Top tech companies have been seeing so much business value being generated from ML that many of them went AI first years ago. But many smaller companies are still struggling to replicate similar gains in their own businesses. They hire great ML engineers / data scientists who painstakingly clean/obtain a great labeled dataset and train a great model using state of the art modeling techniques. They even see phenomenal model performance during the training but still the model doesn’t perform well in production and business metrics don’t improve as much despite months of investment.
One of the leading (but certainly not the only) cause behind this is what is called as “information leakage” — the phenomena where the model at the training time gets access to some information which it should not have. This leakage of information makes the model appear way better than it actually is and in fact makes the model worse than it would be without this leaked information. In this post, we will look at two of the most common types of information leakage in real world ML systems — one of these is commonly understood but the other one is more subtle. We will also look at the best practices for eliminating both kinds of leakage.
1. Leakage from train dataset to test dataset
Let’s imagine you’re building a personalized recommendation engine for an e-commerce product. As a part of this, you decide to train a model that predicts the probability of a user buying a particular product. So you create a dataset of all the products that were shown to the user. And if the product was eventually bought by the user, it is given a label of 1 else 0. Further, you randomly divide this dataset into two parts — one for training and one for testing. You train your model only on the train dataset, record its performance, and then run it again on the test dataset to verify that the model can replicate the training performance. If the performance is good and replicates across train/test sets, you ship it in the production (or maybe as an A/B test). After all, it must mean that the model is robust and generalizes well to users/products it hasn’t seen before. Right?
Let’s zoom in on a particular user session in which the user clicked on a product (say A), added it to cart, was shown another related product after adding it to cart (let’s call this one B) and ended up buying both A and B. Now imagine that we randomly split our dataset in a way that example of user viewing product B went to the training dataset and the example of user viewing product A went to the test dataset.
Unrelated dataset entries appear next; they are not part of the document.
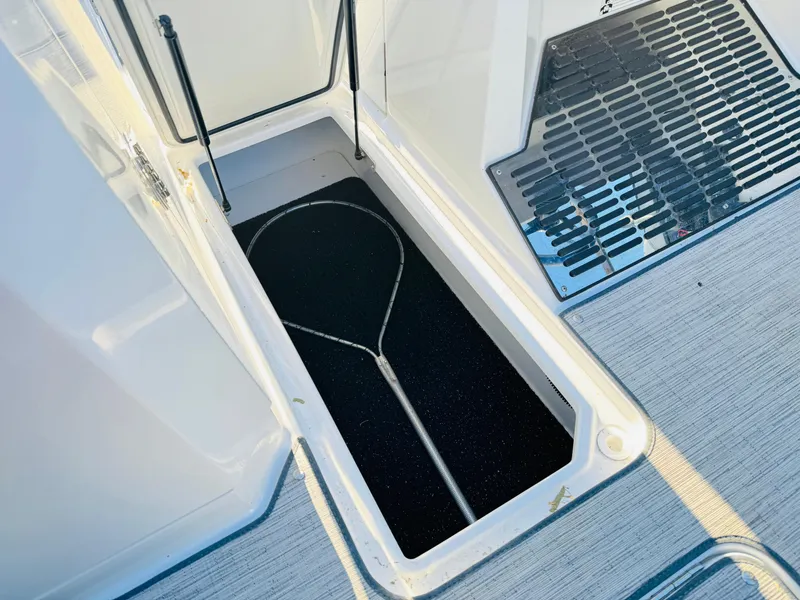 Slide: The Image of Open storage compartment on 2023 Cobalt R8 boat with net inside. - 45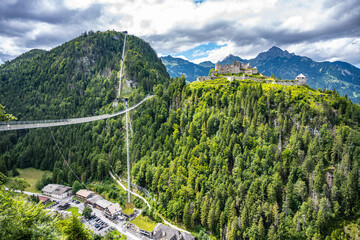 Fototapeta premium A suspension bridge connects the hillside to the ruins of Ehrenberg Castle. The Schlosskopf fortress stands above. Visitors can explore the area surrounded by mountains and trees.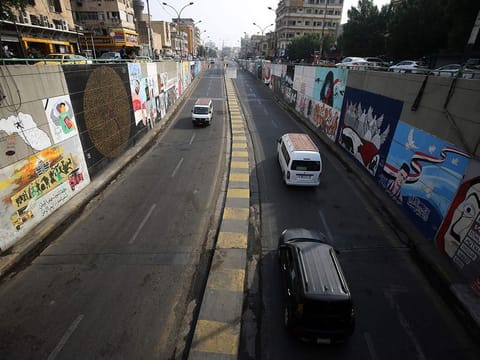 Cars drive out of a tunnel in front of walls covered with murals painted by  an anti-government protesters near Tahrir Square in the centre of Iraq's capital Baghdad on November 8, 2020. 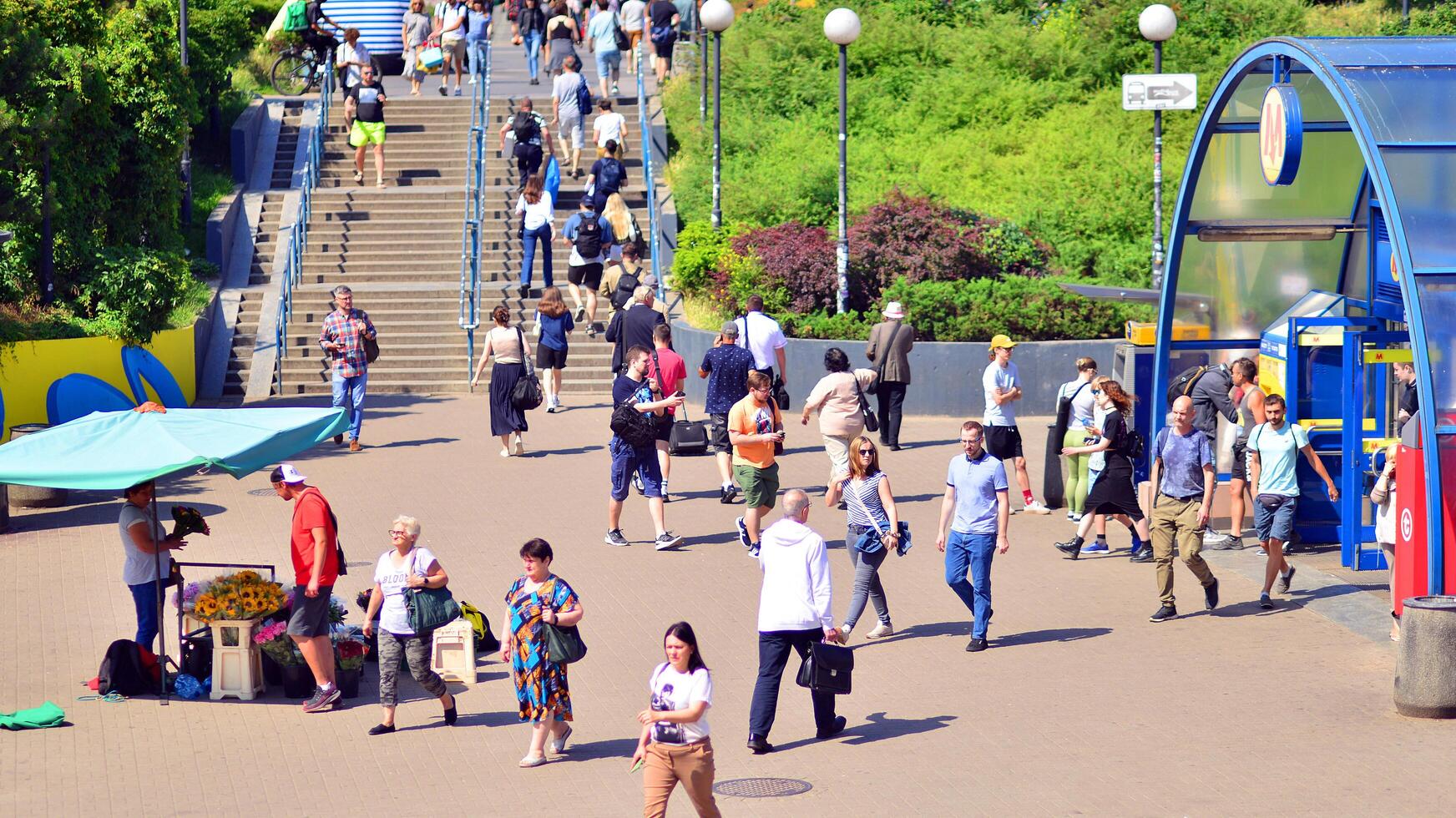 Warsaw, Poland. 8 June 2024. Crowd of people on Patelnia square in centrum city. The colloquial name. An important communication point on the city map with residents, tourists and buildings. photo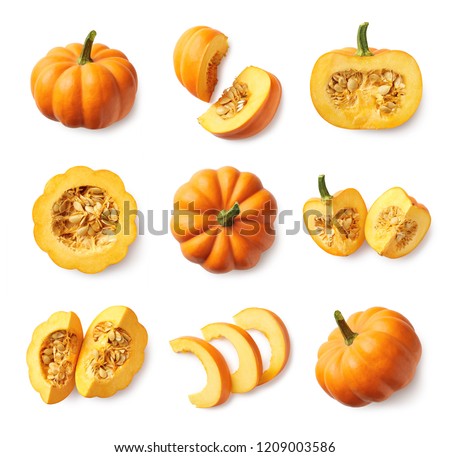 Set of fresh whole and sliced pumpkin isolated on white background. Top view Royalty-Free Stock Photo #1209003586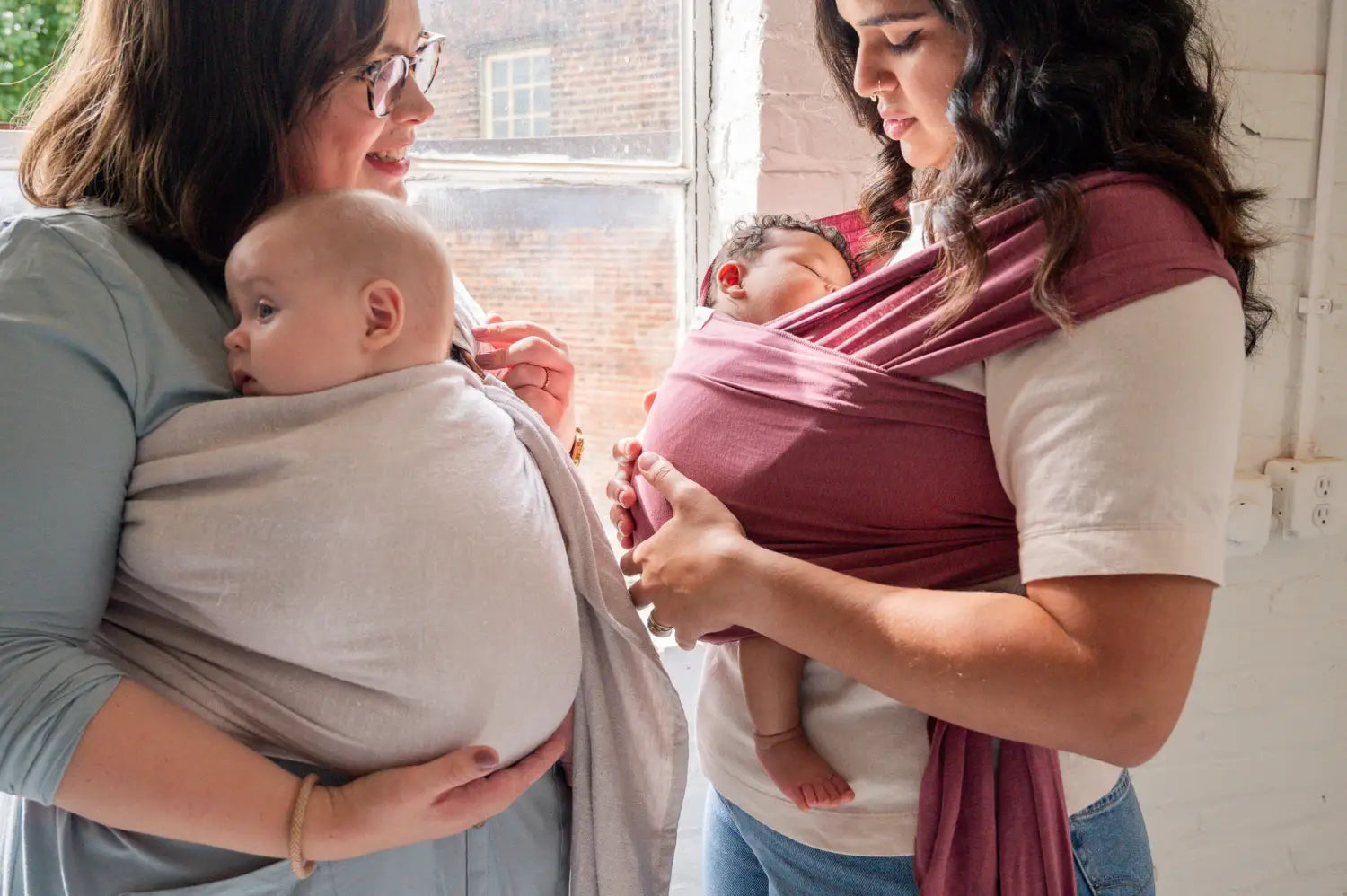 White mother wearing her baby in a gray ring sling talking to another mother wearing her newborn in a rose-colored baby wrap.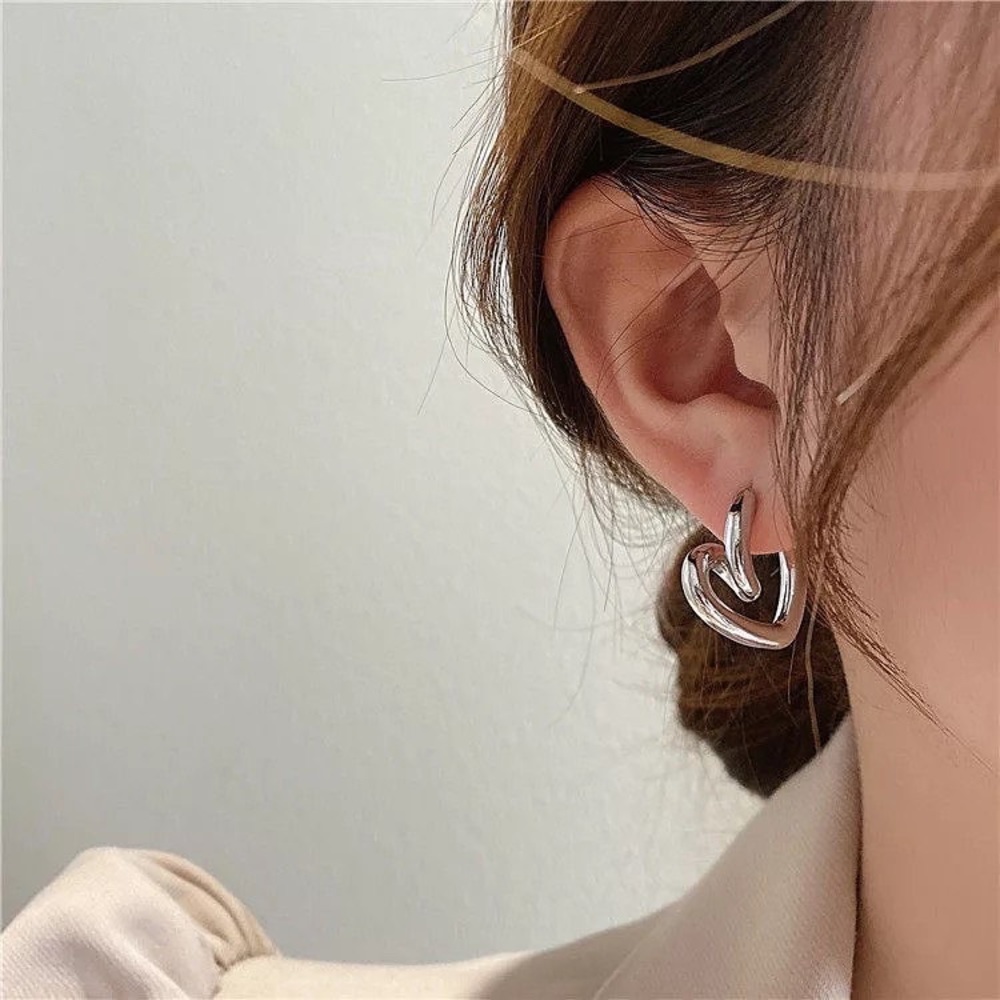 Beautiful and Elegant Heart shaped plated silver earrings.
Since B was shown only when user had already put A in the cart, and B was present in the training dataset, the information about user having expressed interest in A was implicitly present in the training dataset — but since A itself is in test dataset, information is leaking from the test dataset to the train dataset. This is not great because model could utilize this information to show a great performance on the test dataset by just cheating without learning anything useful. This is the information leakage problem and causes model to rely on the leaked information & cheating instead of learning real signals.
Another form of information leakage of this type is when some examples about an object (e.g. a user or a video) are present in the training data and some other examples are present in the test data. This may allow the model to learn things from the training dataset about that object and use them in test data without generalization.
In general, information leaks like this happen more often than many people realize and they need to be minimized, if not eliminated in order to get a good production performance.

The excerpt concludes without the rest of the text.